_SUPPLIED DATA_
══════
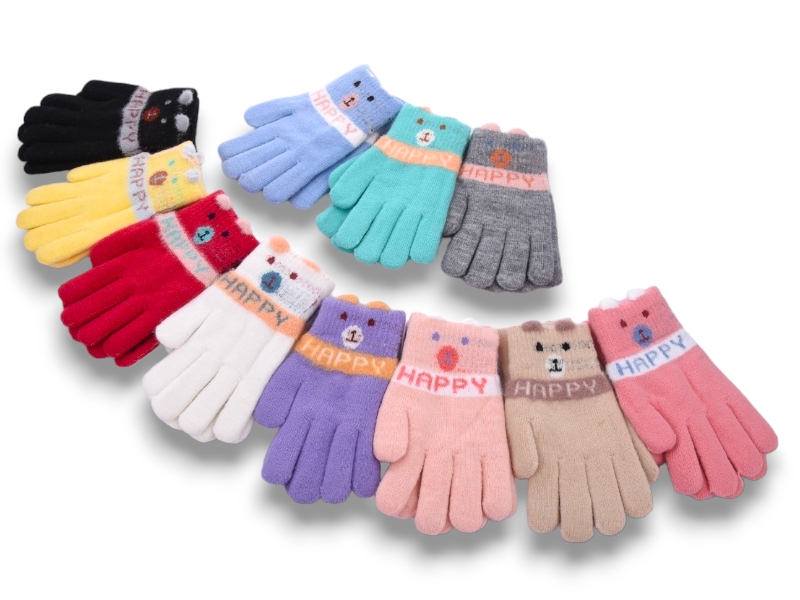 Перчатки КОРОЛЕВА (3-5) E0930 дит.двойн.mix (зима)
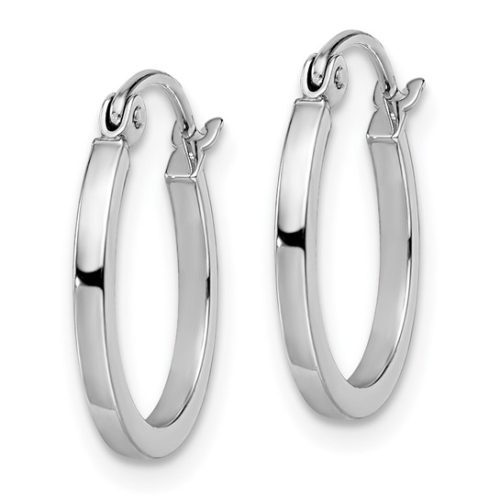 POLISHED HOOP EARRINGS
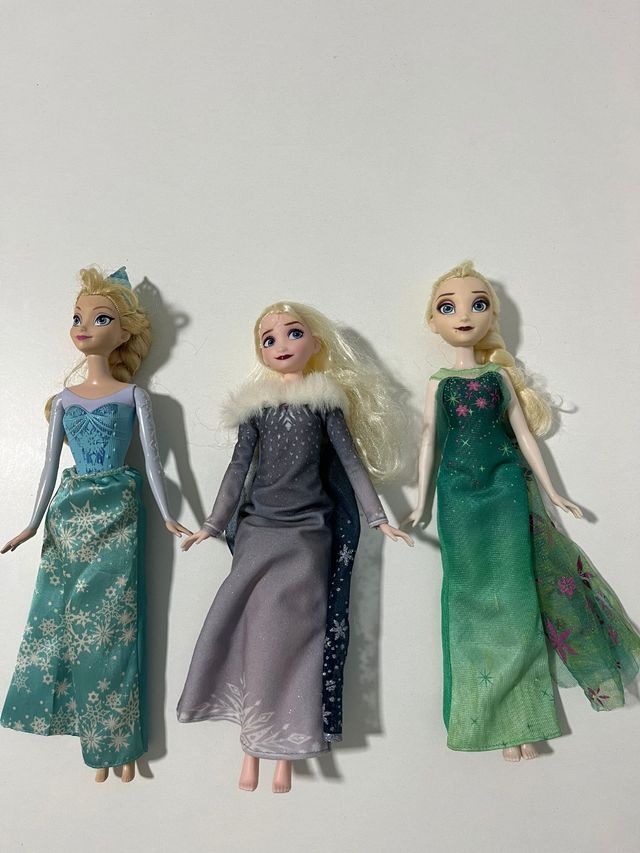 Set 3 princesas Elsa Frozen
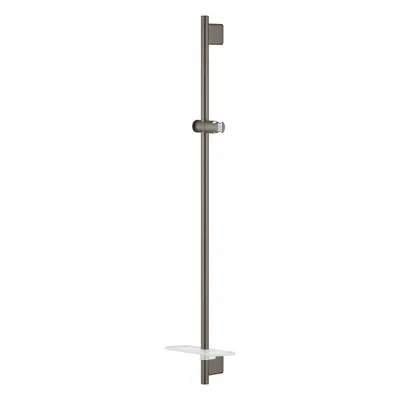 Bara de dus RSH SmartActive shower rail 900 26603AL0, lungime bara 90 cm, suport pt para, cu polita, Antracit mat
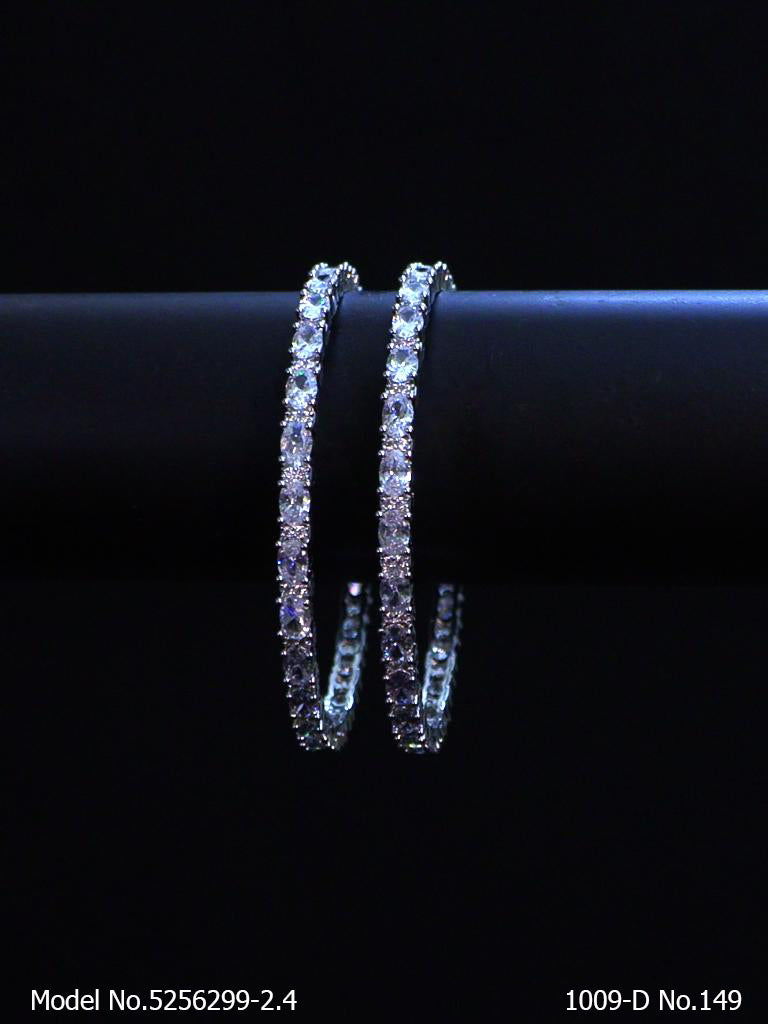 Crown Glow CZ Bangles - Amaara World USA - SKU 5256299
══════
_AIM OF THE EXERCISE_
Find the line containing "Set 3 princesas Elsa Frozen" and copy it and each line after it through the end of the material, exactly, with no pictures.

_RESULT OF THIS TASK_
 Set 3 princesas Elsa Frozen
 Bara de dus RSH SmartActive shower rail 900 26603AL0, lungime bara 90 cm, suport pt para, cu polita, Antracit mat
 Crown Glow CZ Bangles - Amaara World USA - SKU 5256299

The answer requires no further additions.